Another impressive feature of this approach is its low dimensionality, i.e. the ability to compress the differences among millions of words into a few hundred dimensions.

This is merely the tip of the iceberg of word embeddings, which is an entire field of study! I decided to use the open-source FastText model created by Facebook Research to generate the vectors since it has the most flexibility in parsing unknown words and phrases. This model breaks each word — which is a sequence of characters — down into its character n-grams. Thus, for words that are outside of the model’s vocabulary, we can still construct a vector for it based on the character n-grams. This makes it more versatile than the original Word2Vec, where the smallest unit is a single word.

For queries that are phrases, I assigned them to a vector that is the normalized mean of its word vectors. This is inspired by what FastText does in the source code for its “most similar search” capability.

The culmination of these years of research has turned our queries to vectors. At this point, they are useful as input features for various machine learning models, or to be further analyzed, as explained below.

T-distributed Stochastic Neighbor Embedding (t-SNE) of some sample query vectors. t-SNE is a popular method for visualizing high-dimensional vectors; it is also used to categorize our learning content. We can see clusters indicating relationships among words: “free” and “introduction”; all the terms “with r”; “arts” and “music”; “politics” and “governance.”

Mapping to Features (Similarity Search)

We can map these query embeddings to any set of words based on their numerical similarities. Coursera has a database of thousands of skills, many of which are tied to course offerings. For example, the course Becoming a Changemaker: Introduction to Social Innovation by University of Cape Town teaches the skills “social entrepreneurship,” “sustainability,” and “resource management.” Besides connecting queries to this database of skills, this technique is widely extensible to other mappings, like with a list of different universities or words related to difficulty levels.

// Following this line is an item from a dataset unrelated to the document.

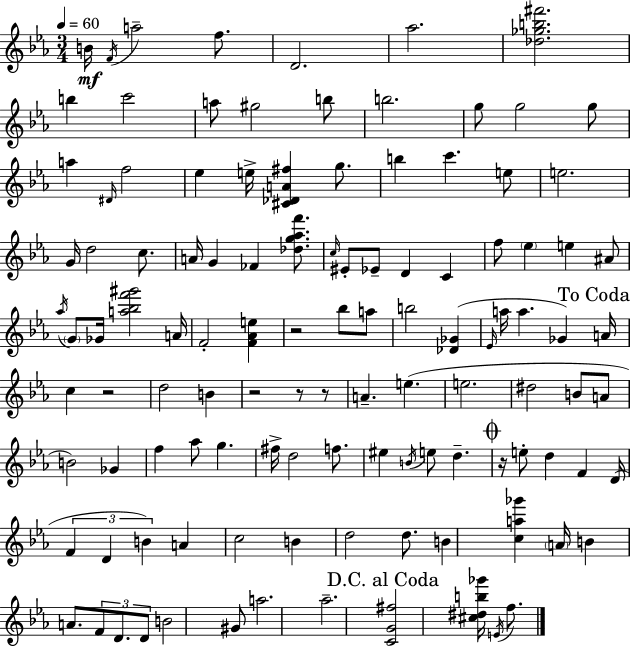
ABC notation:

To compute the similarities between these two sets of vectors, the queries and the skills, I use Faiss, a library of C++ algorithms that stores the vectors in a huge matrix and builds an index of clusters based on their similarity.

This enables a precise yet efficient calculation of a query’s “nearest neighbors” across the set of skills, i.e. skills with the most similar embeddings, by focusing on clusters.

Sample results. The “query” column contains raw search queries, the “top features” are the most relevant skills, and the “distances” are a measure of similarity that ranges from 0 to 1, where 0 means that they are identical.
Sample results with a higher distance threshold, allowing less similar features to be tagged.

Analysis Possibilities

Once the queries are tagged with skills, they can be easily clustered and analyzed.

t-SNE on queries that have been mapped to skills in our database. They form four distinct clusters, representing the skills “digital media,” “agile software development,” “mechanical engineering,” and “creative writing.”

Let’s take a look at the skills whose associated queries lead to the highest rates of course enrollment.

Enrollment rates for popular skills (popularity determined by Query2Vec).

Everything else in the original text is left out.